Disclosed valve position sensors can be used in a wide variety of applications to monitor the position of valves, and can send sensing wireless signals from remote or potentially dangerous areas of the process facility, such as a plant. The sensing signal can carry appropriate hazardous location certifications, which makes disclosed valve position sensors ideal for various applications such as monitoring valve positioner status, manual process valve position, safety shower and eye bath notification, tank overflow alarms, damper and louver position, door/gate position, or other applications where installing wires is inefficient, cost-prohibitive, or simply unsafe.

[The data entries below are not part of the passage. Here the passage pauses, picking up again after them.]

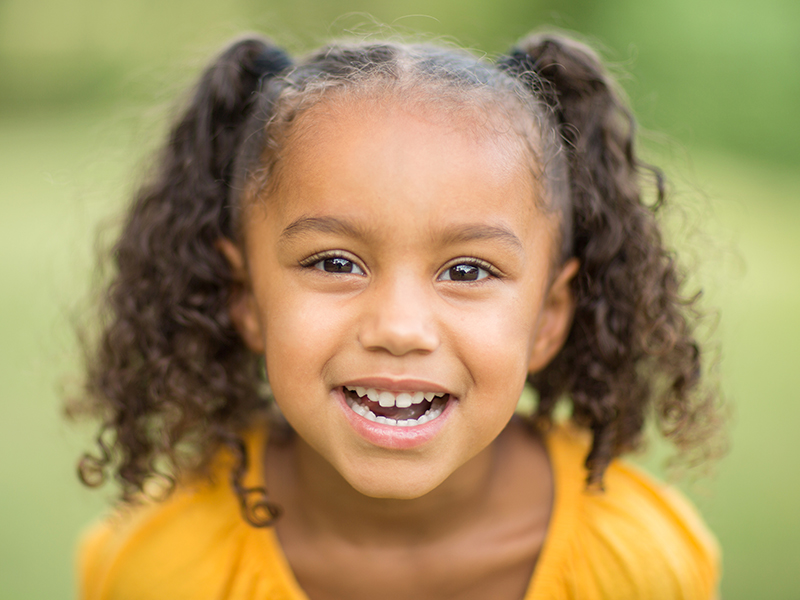 Girl with pig tails smiling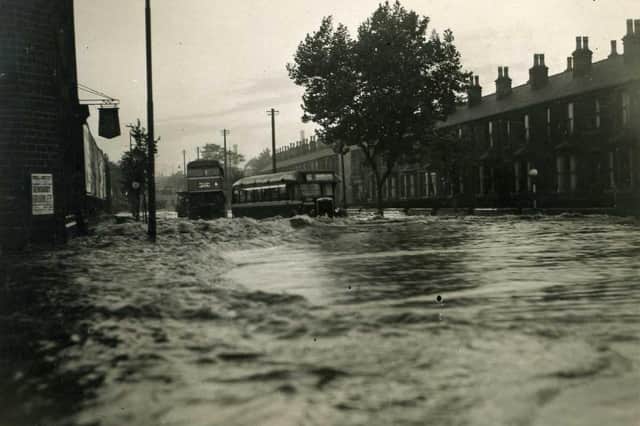 SAVILE ROAD: Two buses struggle through the flood water at the height of the 1946 flood as they try to make their way back to the depot on Mill Street East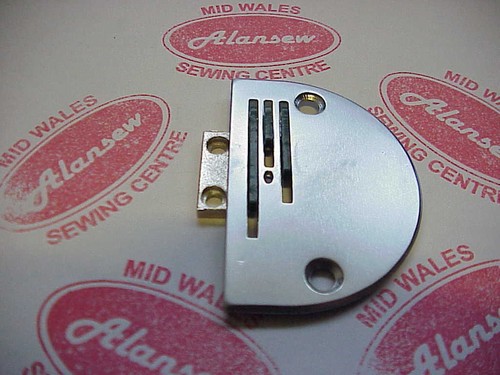 Needle plate rubber feed - &, dog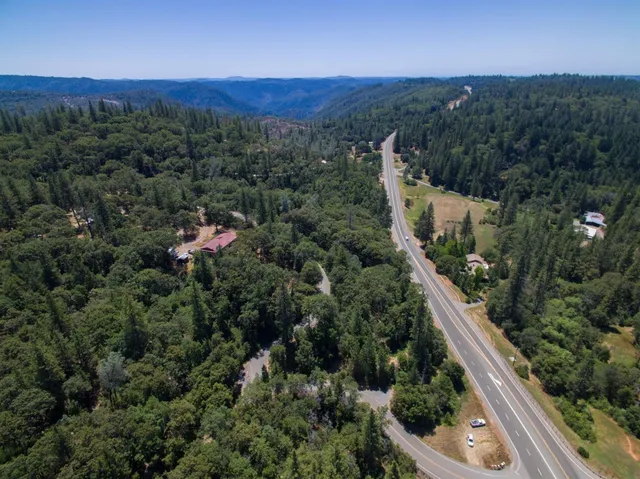 an aerial view of a house with mountain view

While various embodiments have been described above, it should be understood that they have been presented by way of example only, and not limitation. Numerous changes to the disclosed embodiments can be made in accordance with the disclosure herein without departing from the spirit or scope of the disclosed embodiments. Thus, the breadth and scope of the disclosed embodiments should not be limited by any of the above explicitly described embodiments. Rather, the scope of the invention should be defined in accordance with the following claims and their equivalents.
Although the disclosed embodiments have been illustrated and described with respect to one or more implementations, equivalent alterations and modifications will occur to others skilled in the art upon the reading and understanding of this specification and the annexed drawings. In addition, while a particular feature may have been disclosed with respect to only one of several implementations, such feature may be combined with one or more other features of the other implementations as may be desired and advantageous for any given or particular application.
The terminology used herein is for the purpose of describing particular embodiments only and is not intended to be limiting to embodiments of the invention. As used herein, the singular forms “a,” “an,” and “the” are intended to include the plural forms as well, unless the context clearly indicates otherwise. Furthermore, to the extent that the terms “including,” “includes,” “having,” “has,” “with,” or variants thereof are used in either the detailed description and/or the claims, such terms are intended to be inclusive in a manner similar to the term “comprising.”
Unless otherwise defined, all terms (including technical and scientific terms) used herein have the same meaning as commonly understood by one of ordinary skill in the art to which the disclosed embodiments belong. It will be further understood that terms, such as those defined in commonly used dictionaries, should be interpreted as having a meaning that is consistent with their meaning in the context of the relevant art and will not be interpreted in an idealized or overly formal sense unless expressly so defined herein.
The Abstract of the Disclosure is provided to comply with 37 C.F.R. §1.72(b), requiring an abstract that will allow the reader to quickly ascertain the nature of the technical disclosure. It is submitted with the understanding that it will not be used to interpret or limit the scope or meaning of the following claims.